Prospective graduate students interested in joining the group should indicate their interest when applying for admission to the Department of Chemical Engineering at the University of Virginia.

Undergraduate students interested in research opportunities should express interest by contacting Prof. Geise directly. Please be prepared to provide copies of your most recent resume and unofficial transcript.
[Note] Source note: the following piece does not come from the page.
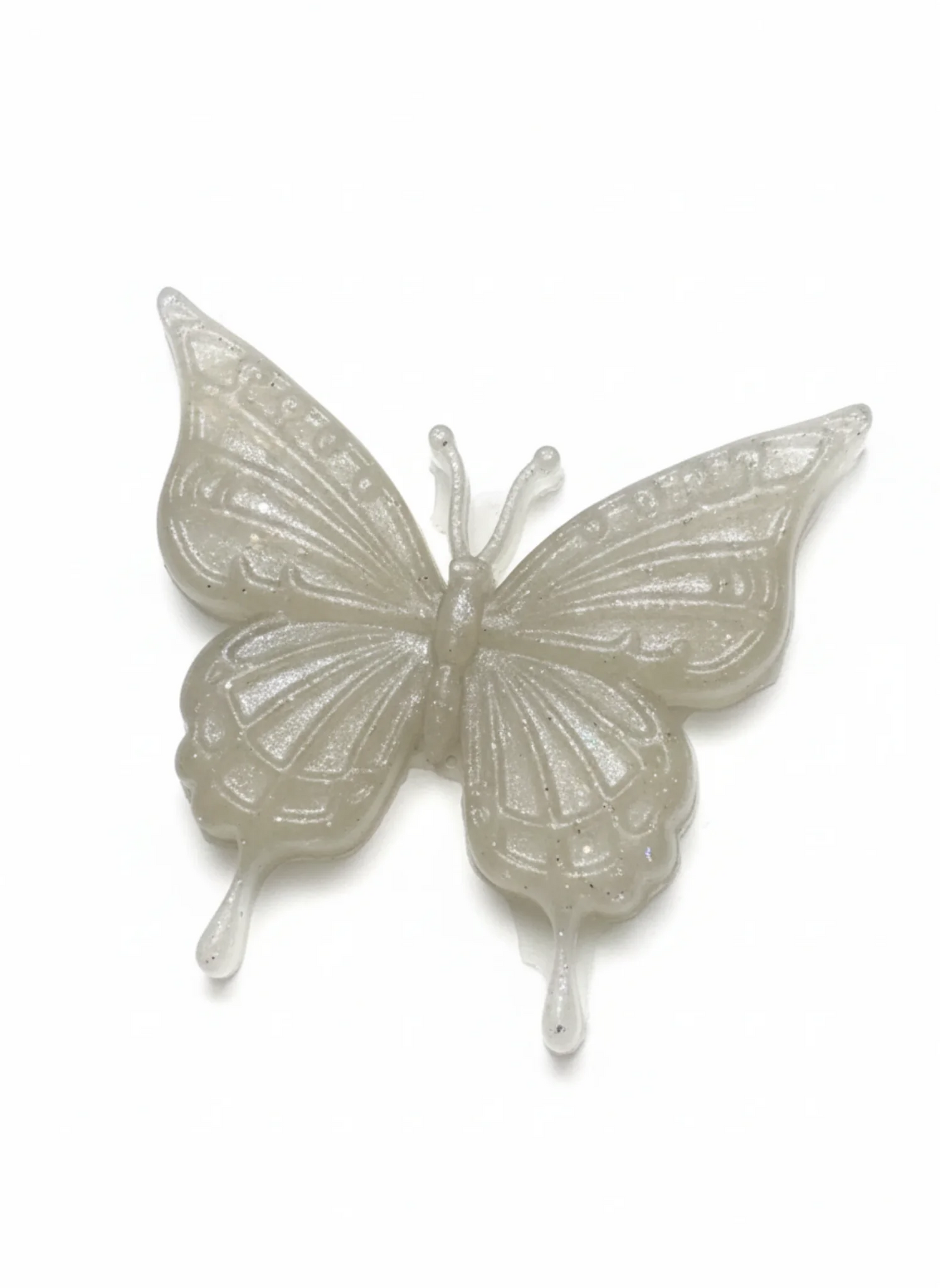The Butterfly — Handcrafted Resin Jewelry & Accessories (Made to Order)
Latest News from the Geise Group


July 2023

Dr. Rueben Pfukwa Visits the Geise Research Group

Dr. Rueben Pfukwa (Department of Chemistry and Polymer Science, University of Stellenbosch) is spending time this summer as a Visiting Professor in the Geise Research Group. Dr. Pfukwa is collaborating with the group to develop advanced polymers for desalination applications.

June 2023

Mariah Tammera Joins the Geise Research Group

The Geise Research Group is excited to welcome its newest member, Mariah Tammera.
Mariah is a rising 2nd year student at George Mason University and is participating in the UVA Advanced Materials Synthesis REU program.


May 2023

Geise Group at NAMS 2023

Sean Bannon, Anna Harris, Inara Oliveira do Carmo Nascimento, Bea Tremblay, and Charlie Leroux (left to right and top to bottom) presented their research at the 2023 North American Membrane Society Poster Session in Tuscaloosa, Alabama.


May 2023

Sean Bannon Admitted to Doctoral Candidacy

Congratulations to graduate student Sean Bannon for successfully completing his Ph.D. Dissertation Proposal titled Understanding how interactions between ions, water molecules, and polymer influence desalination transport properties of sulfonated polysulfone.

May 2023

Geise Group Undergraduate Researchers Win Awards

Congratulations to Geise Research Group undergraduate researchers Anna Harris, Bea Tremblay, and Lena Keesecker for winning UVA Dept. of Chemical Engineering awards. Anna and Bea won Thomson Scholarships, and Lena won the Excellence in Leadership and Edward and Lois Paul awards.